Politica Interna
Centrosinistra: Schlein e Conte si sono incontrati in un’osteria romana, senza Bonelli e Fratoianni, per chiarire le tensioni degli ultimi giorni: dallo strappo di Conte su Ucraina e primarie all’altolà della segretaria dem sul programma. Il colloquio ha stemperato i toni, ma i nodi restano. Sulla risoluzione riguardo lo scostamento di bilancio, il testo che esclude nuove spese militari ha irritato l’ala riformista del Pd, facendo infuriare anche Conte. Nel partito cresce la preoccupazione: la coalizione, spiegano diversi esponenti dem, dovrà imparare a gestire meglio le proprie divisioni interne.
Caso Delmastro: Prosegue il confronto politico sul caso delle chat tra l’ex sottosegretario Andrea Delmastro e il ristoratore Mauro Caroccia, indicato dalla procura come vicino a un clan di camorra. La Giunta per le autorizzazioni ha respinto, con il voto della maggioranza, la richiesta di esaminare il materiale inviato da piazzale Clodio, decisione che oggi dovrebbe essere confermata dall’Aula della Camera. Le opposizioni parlano di forzature nelle procedure e valutano un ricorso alla Consulta, mentre in maggioranza si ritiene che le chat non aggiungano elementi rilevanti.
Politica Estera
Emergenza Migranti: A Bruxelles si è tenuta una riunione dei ministri dell’Interno Ue per fare il punto sulla crisi di Ceuta, che il commissario Markus Brunner ha dichiarato conclusa, con la quasi totalità dei migranti rimpatriata dalla Spagna. Nel corso dell’incontro molti Paesi hanno espresso solidarietà a Madrid, mentre l’Italia, che nei giorni scorsi aveva sospeso Schengen firmando una lettera di critiche insieme ad altri 21 Stati, ha scelto toni più concilianti: il ministro Piantedosi si è sostanzialmente allineato alle posizioni espresse dai colleghi europei. Più cauta l’accoglienza riservata alla proposta italiana relativa agli hub per i rimpatri, considerata legittima ma da approfondire caso per caso.

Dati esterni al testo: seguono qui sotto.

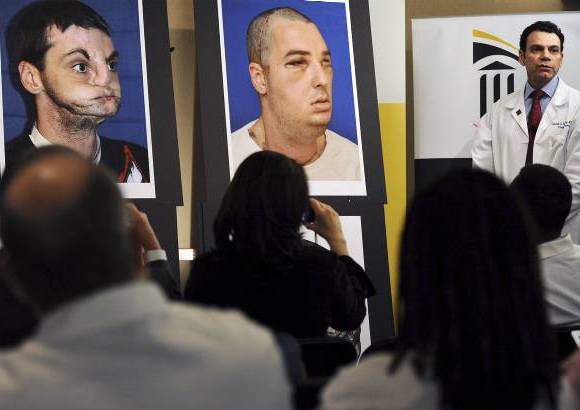 Foto Reuters - Norris ha pasado los &#250;ltimos quince a&#241;os viviendo como un recluso, y el trasplante le permitir&#225; recuperar su vida, afirm&#243; el Dr. Eduardo Rodr&#237;guez, el cirujano jefe de la intervenci&#243;n.
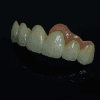 Zirconia Layer - PFZ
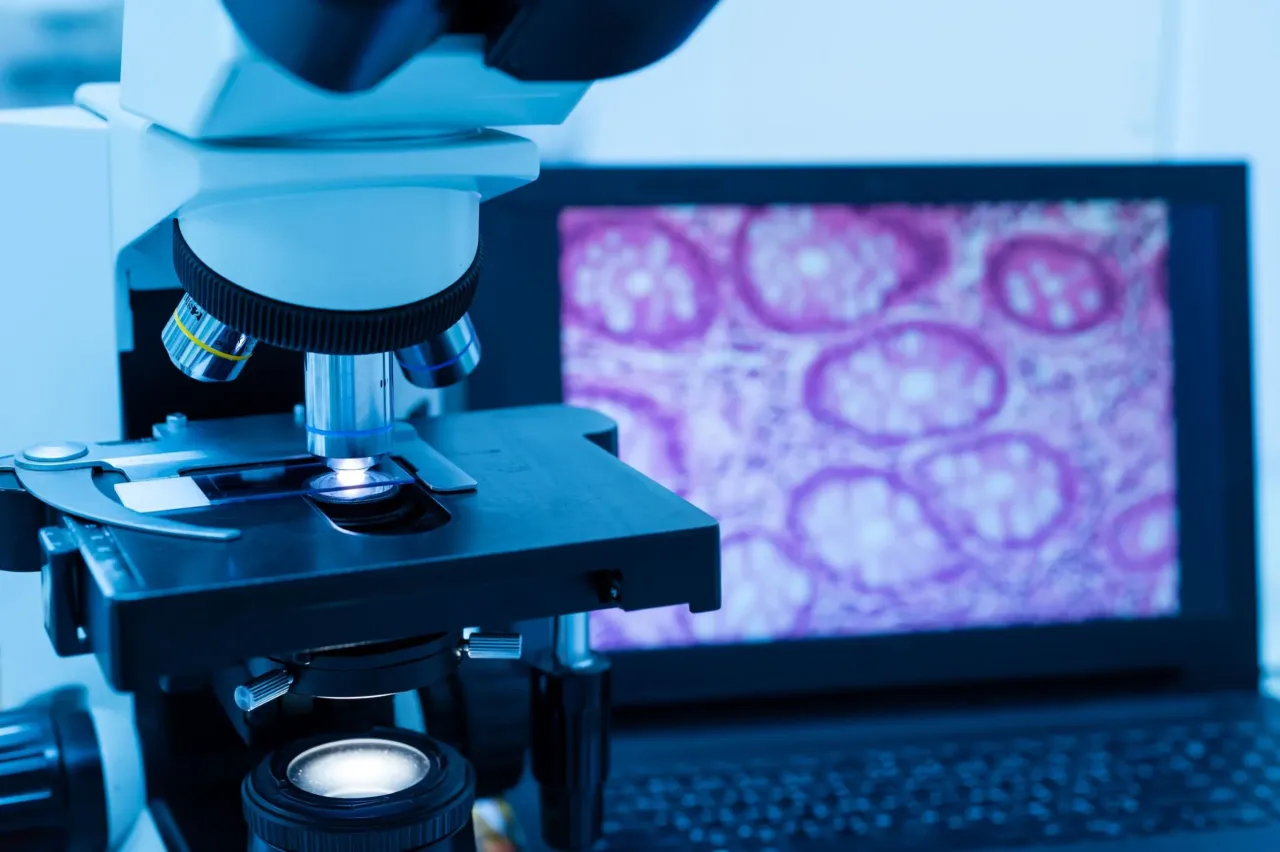 Zdjęcie Czym jest badanie histopatologiczne? Klucz do diagnozy nowotworów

Crisi in Medio Oriente: Washington e Teheran sarebbero vicine a un’intesa sulla riapertura dello Stretto di Hormuz, come confermato da Scott Bessent e Marco Rubio, che parla di svolta imminente. L’ipotesi allo studio prevede il controllo iraniano sulle rotte in entrata e una gestione condivisa con l’Oman su quelle in uscita. Restano tensioni sul campo, con un attacco Houthi in Arabia Saudita e un mercantile colpito al largo dell’Oman. Rubio annuncia anche l’avvicinarsi di colloqui sul nucleare, mentre negli Stati Uniti cresce il dibattito sulla sostenibilità del conflitto, dopo notizie su scorte missilistiche statunitensi in forte calo.
Economia e Finanza
CdM: Il Consiglio dei ministri ha approvato un pacchetto di misure che comprende la proroga fino al 25 agosto dello sconto di 17 centesimi sulle accise del gasolio, finanziata con risorse reperite senza nuovi effetti sui conti pubblici. Dal 25 agosto tornerà il meccanismo delle accise mobili. Via libera anche al decreto Pa, con 500 nuove assunzioni nella Polizia di Stato e norme su ferie e permessi, oltre alla riforma della Corte dei Conti. Resta aperto il confronto sulle modifiche alla magistratura contabile e sul Ponte sullo Stretto.
Upb: L’Ufficio parlamentare di bilancio ha rivisto al rialzo le stime di crescita dell’Italia per il 2026, portando il Pil allo 0,9%, quattro decimi in più rispetto alle previsioni di aprile, mentre conferma lo 0,6% per il 2027. La revisione riflette l’andamento positivo di investimenti, consumi ed esportazioni, sostenuti anche dal Pnrr. Resta però elevata l’attenzione sull’inflazione, prevista al 3,1% nel 2026, con possibili effetti sul potere d’acquisto delle famiglie. Lo scenario resta condizionato dalle tensioni geopolitiche e commerciali internazionali.